二宮和也主演で6年ぶりに日曜劇場に帰還する『ブラックペアン シーズン2』。シーズン1に引き続き、医学監修を務めるのは山岸俊介氏だ。前作で好評を博したのが、ドラマにまつわる様々な疑問に答える人気コーナー「片っ端から、教えてやるよ。」。シーズン2の放送を記念し、山岸氏の解説を改めてお伝えしていきたい。今回はシーズン1で放送された1話の医学的解説についてお届けする。

※登場人物の表記やストーリーの概略、医療背景についてはシーズン1当時のものです。

佐伯式の凄さ

大人の心臓の手術は大きく分けて3種類あります。
1. 冠動脈バイパス術と言って心臓の周りにある血管(1~2mm)に迂回路(バイパス)を作る手術。
2. 弁膜症手術:心臓の中にある扉(弁)を修理(形成)するか取り替える(置換する)手術。
3. 大動脈手術:瘤になった大動脈や壁が割れてしまった(解離した)大動脈を人工血管に置き換える手術。

<佐伯式とは>
佐伯式とは弁(心臓の中の扉)を修理する手術です。ただ扉の修理と言っても心臓の中はたくさんの血液に満たされていますので、そのまま心臓を切って中の扉を修理することは不可能です。人工心肺という心臓と肺の代わりになる機械を使い、さらに心筋保護液(心臓を止め、かつ心臓を保護してくれる液)を冠動脈に注入して心臓を止めて手術をするのが一般的です。佐伯式は人工心肺を使う(オンポンプ;on pump)ものの、心臓を止めずに心臓が動いたまま(オンビート;on beat)僧帽弁を修理する手術です。

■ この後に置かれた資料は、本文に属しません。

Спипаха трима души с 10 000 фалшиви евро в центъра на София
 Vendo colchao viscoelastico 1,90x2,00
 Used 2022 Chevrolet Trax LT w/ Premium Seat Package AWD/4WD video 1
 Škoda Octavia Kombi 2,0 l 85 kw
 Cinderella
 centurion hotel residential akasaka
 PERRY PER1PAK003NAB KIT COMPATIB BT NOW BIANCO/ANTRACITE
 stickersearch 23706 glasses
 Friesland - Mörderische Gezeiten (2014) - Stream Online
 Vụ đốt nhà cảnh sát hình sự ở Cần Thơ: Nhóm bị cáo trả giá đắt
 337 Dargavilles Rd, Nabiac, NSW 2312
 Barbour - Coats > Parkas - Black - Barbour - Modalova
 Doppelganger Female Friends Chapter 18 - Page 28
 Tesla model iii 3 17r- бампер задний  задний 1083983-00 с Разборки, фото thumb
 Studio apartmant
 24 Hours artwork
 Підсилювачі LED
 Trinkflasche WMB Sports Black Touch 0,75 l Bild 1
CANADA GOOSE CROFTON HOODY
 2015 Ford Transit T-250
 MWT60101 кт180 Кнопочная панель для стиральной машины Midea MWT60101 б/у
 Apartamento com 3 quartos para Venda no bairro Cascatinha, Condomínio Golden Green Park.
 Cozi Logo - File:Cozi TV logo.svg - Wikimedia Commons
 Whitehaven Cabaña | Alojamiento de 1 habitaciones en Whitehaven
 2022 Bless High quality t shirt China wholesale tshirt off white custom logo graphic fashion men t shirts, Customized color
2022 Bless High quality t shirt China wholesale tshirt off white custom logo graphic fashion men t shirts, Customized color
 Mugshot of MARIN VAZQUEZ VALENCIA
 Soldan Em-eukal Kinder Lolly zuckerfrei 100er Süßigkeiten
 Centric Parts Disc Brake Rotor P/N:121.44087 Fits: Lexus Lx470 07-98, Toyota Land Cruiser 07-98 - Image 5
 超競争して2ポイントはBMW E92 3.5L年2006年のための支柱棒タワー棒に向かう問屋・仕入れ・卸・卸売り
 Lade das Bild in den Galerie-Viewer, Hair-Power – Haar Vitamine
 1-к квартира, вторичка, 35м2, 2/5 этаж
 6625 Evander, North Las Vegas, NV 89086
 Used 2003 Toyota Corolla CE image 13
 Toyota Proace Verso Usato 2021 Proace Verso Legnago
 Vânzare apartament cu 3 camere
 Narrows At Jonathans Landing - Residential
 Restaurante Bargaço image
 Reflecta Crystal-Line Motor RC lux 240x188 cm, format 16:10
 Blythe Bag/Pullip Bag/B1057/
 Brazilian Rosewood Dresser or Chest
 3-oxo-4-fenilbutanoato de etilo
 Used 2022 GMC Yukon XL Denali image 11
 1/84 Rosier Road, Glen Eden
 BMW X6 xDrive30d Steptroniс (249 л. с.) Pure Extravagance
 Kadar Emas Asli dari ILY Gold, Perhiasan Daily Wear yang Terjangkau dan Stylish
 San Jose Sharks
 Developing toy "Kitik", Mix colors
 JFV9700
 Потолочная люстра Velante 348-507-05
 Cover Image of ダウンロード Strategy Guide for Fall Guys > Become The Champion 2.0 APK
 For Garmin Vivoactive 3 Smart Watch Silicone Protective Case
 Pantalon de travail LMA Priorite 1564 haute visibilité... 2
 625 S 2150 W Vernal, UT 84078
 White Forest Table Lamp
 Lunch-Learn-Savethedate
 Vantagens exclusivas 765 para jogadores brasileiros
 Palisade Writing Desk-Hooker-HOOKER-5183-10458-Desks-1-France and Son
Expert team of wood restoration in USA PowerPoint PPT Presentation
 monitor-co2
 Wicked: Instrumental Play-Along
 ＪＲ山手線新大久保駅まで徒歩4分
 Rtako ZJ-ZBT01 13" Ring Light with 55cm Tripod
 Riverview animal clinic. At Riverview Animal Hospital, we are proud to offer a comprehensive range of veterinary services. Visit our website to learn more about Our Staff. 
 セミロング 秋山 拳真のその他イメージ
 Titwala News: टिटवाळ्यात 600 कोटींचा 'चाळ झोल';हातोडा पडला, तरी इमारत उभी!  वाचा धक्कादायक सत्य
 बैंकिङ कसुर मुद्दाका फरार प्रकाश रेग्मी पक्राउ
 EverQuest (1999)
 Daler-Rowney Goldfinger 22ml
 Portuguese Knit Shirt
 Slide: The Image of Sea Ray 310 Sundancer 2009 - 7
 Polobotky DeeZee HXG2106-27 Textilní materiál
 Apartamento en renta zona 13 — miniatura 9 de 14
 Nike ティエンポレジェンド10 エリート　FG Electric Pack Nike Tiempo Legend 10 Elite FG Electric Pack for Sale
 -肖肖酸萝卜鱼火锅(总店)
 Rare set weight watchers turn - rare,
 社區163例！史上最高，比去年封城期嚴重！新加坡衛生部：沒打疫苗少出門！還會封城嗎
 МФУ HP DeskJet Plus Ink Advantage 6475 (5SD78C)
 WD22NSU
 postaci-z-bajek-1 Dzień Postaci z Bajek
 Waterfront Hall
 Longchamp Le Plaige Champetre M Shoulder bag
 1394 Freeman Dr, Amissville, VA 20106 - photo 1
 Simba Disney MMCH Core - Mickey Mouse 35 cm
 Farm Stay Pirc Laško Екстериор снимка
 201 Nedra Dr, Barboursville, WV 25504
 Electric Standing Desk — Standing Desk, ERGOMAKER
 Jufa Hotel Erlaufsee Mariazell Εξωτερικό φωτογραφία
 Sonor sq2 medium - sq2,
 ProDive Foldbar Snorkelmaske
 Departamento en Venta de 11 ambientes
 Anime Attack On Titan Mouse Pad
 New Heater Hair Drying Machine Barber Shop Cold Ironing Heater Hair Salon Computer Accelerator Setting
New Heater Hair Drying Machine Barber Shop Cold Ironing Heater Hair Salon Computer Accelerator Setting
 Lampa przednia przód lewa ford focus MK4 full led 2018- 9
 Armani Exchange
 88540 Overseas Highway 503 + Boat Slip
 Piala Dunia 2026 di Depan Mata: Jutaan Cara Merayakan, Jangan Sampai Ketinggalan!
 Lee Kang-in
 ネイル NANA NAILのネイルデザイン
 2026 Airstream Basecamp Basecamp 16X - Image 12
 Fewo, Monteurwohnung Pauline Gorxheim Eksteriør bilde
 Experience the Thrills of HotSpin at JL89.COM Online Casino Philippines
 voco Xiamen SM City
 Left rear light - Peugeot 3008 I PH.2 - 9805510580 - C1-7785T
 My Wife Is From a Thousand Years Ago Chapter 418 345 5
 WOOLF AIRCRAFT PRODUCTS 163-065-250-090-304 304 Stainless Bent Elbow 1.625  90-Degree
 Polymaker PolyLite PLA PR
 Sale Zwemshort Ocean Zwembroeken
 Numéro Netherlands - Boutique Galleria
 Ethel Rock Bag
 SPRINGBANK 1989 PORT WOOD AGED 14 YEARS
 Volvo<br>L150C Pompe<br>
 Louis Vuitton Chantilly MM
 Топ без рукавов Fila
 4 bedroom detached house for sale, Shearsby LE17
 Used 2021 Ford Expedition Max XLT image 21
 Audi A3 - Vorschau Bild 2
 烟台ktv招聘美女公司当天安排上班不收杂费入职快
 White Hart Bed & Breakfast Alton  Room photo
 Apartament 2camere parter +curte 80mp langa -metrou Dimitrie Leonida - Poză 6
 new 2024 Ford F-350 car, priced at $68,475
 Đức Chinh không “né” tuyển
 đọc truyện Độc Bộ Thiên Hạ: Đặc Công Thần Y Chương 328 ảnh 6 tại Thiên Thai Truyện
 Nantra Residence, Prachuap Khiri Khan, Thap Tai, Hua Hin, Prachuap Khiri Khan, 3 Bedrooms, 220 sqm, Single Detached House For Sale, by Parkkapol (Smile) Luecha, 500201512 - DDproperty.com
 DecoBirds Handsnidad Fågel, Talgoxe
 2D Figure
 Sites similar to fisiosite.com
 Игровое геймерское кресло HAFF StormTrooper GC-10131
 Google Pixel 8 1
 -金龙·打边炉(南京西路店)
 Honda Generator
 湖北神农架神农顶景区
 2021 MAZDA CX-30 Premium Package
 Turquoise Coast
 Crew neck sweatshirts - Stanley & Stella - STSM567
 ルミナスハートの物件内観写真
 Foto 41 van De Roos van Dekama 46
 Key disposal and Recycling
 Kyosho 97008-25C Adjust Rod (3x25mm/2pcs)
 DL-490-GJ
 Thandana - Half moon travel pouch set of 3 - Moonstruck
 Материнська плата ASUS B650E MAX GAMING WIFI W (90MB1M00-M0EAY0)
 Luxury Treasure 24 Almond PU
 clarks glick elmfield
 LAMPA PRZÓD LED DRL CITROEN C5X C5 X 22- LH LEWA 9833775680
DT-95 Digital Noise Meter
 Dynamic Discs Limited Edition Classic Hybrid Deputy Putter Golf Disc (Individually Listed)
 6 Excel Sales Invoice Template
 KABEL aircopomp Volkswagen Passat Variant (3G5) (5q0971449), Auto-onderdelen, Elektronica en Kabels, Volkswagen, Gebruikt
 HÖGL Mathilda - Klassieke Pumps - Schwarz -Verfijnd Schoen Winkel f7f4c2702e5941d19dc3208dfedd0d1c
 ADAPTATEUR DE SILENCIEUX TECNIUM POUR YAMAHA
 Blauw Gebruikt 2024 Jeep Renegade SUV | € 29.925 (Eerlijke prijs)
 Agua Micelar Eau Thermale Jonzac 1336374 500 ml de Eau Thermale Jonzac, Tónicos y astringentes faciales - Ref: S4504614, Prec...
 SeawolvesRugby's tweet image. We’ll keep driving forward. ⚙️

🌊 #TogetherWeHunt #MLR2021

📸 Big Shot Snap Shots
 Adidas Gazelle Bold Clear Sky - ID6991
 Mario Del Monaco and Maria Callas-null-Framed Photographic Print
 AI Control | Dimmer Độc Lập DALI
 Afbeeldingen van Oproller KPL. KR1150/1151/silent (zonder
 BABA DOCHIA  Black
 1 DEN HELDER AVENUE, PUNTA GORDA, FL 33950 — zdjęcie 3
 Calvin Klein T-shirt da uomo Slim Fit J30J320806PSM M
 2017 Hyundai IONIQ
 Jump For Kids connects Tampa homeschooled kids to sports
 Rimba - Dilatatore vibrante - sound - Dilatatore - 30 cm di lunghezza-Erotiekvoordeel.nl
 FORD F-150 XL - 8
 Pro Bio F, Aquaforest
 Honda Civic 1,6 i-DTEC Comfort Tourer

普通の扉を修理すると考えてください。人がわんさか通り、開いたり閉じたりしている扉をそのまま修理するのは難しいですよね。普通は人が通らないようにして、修理に取り掛かるはずです。
佐伯式は扉を人がわんさか通る中、扉が動いている中、修理してしまうようなものです。心臓の弁や、心臓の筋肉は非常にデリケートですので、動いている状態で修復する(針糸で縫合したりする)のは非常に難しいです。少しでも針先が狂えば組織が裂けていき、取り返しがつかないことになります。それを天才佐伯教授は100分の1mmのくるいもなく完遂してしまう。まさに神業です。

佐伯式のメリットは主に2点あると思います。
心臓を止める(心筋保護液で安全に止める)ことにより、心臓の筋肉は多少の障害を負いますが、佐伯式は心臓を止めませんので、心臓の筋肉の障害を押さえられる可能性があります。また心臓を動かしたまま修復を行いますので、弁の中を血液が通過する状態で、つまり実際の弁の動きを見ながら修復できます。扉を修理して、その後たくさんの人に実際通ってもらったら、また壊れてしまったということがないということです。